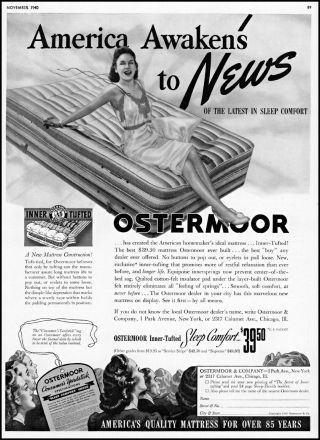 1940 Woman In Nightgown Clouds Ostermoor Mattress Vintage Photo Print Ad Adl71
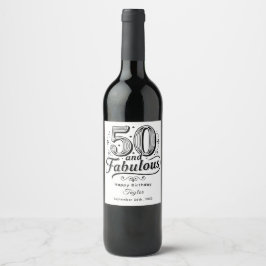 50 and Fabulous Festive Swirls Playful Birthday ワインラベル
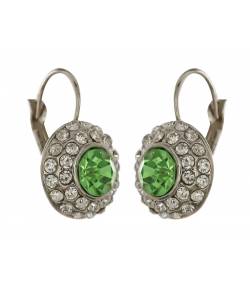 Austrain Crystal  shining Green Stud Bali Earring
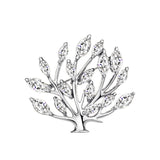 14k White Gold plated Tree Leaf with CZ Zircon Crystals brooch pin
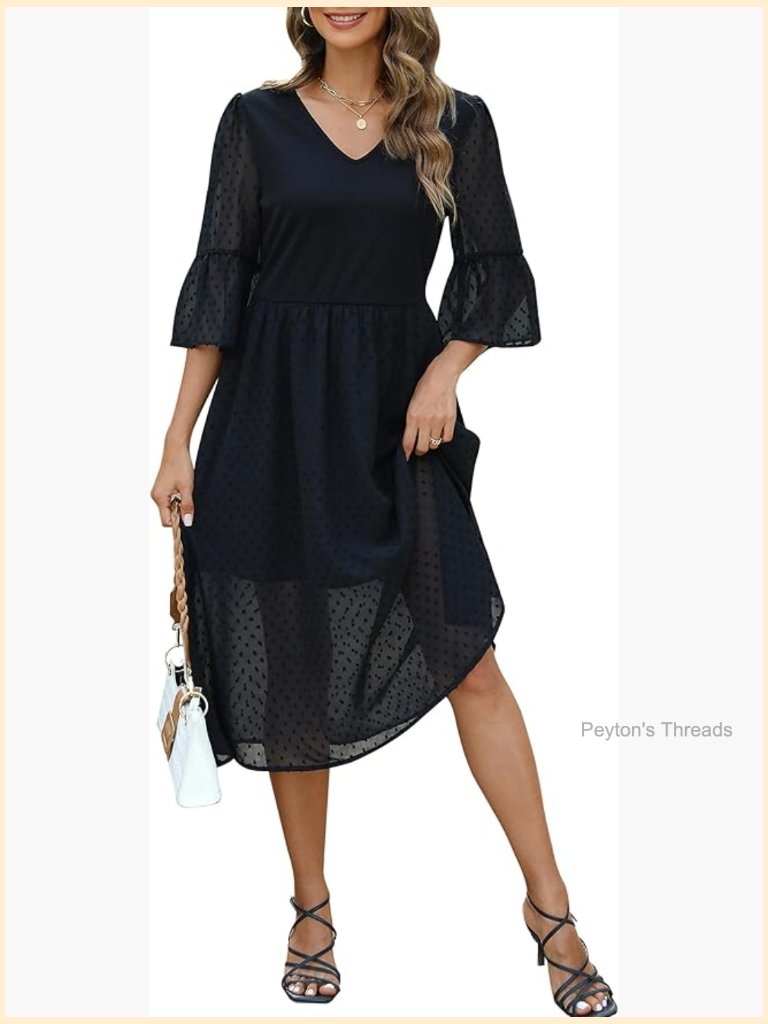 Chiffon Flowy Shift Mini Dress V Neck Ruffle Short Sleeve Sun Dress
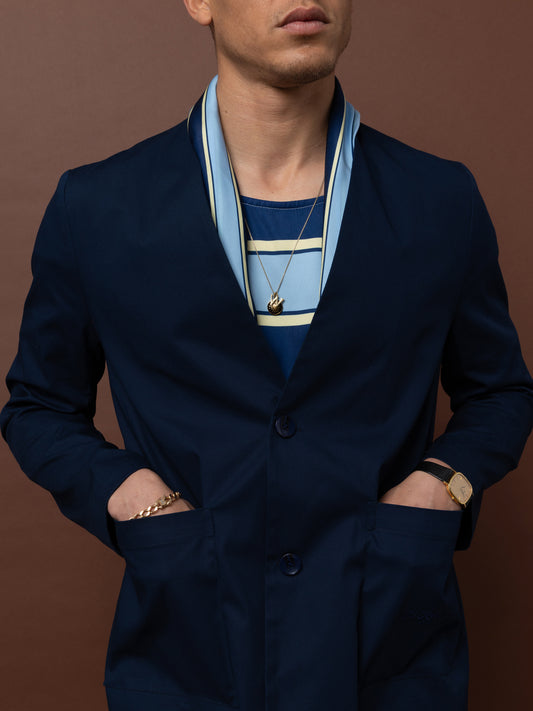 BANDANA SCARF - STRIPES BLUE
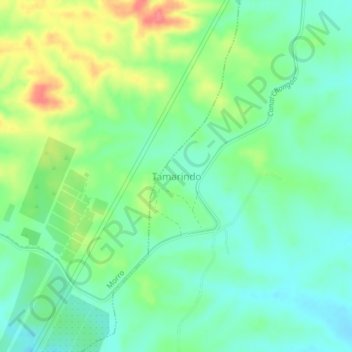 Mapa topográfico Tamarindo, altitud, relieve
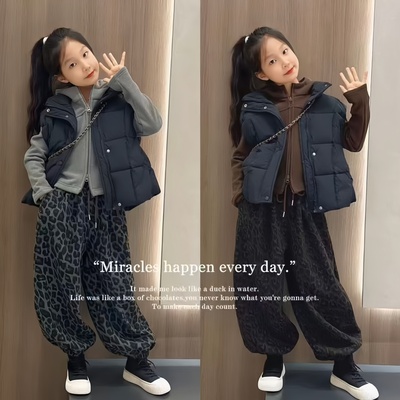 韩版女童休闲加厚棉马甲套装秋冬新款中大童加绒卫衣豹纹裤三件套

━━━━━━━━━━━━━━━━

_Your instructions_:
Please write out the lines above exactly, from the one that contains "Chiffon Flowy Shift" through the final line, and include none of the pictures.

_Exercise output_:
 Chiffon Flowy Shift Mini Dress V Neck Ruffle Short Sleeve Sun Dress
 BANDANA SCARF - STRIPES BLUE
 Mapa topográfico Tamarindo, altitud, relieve
 韩版女童休闲加厚棉马甲套装秋冬新款中大童加绒卫衣豹纹裤三件套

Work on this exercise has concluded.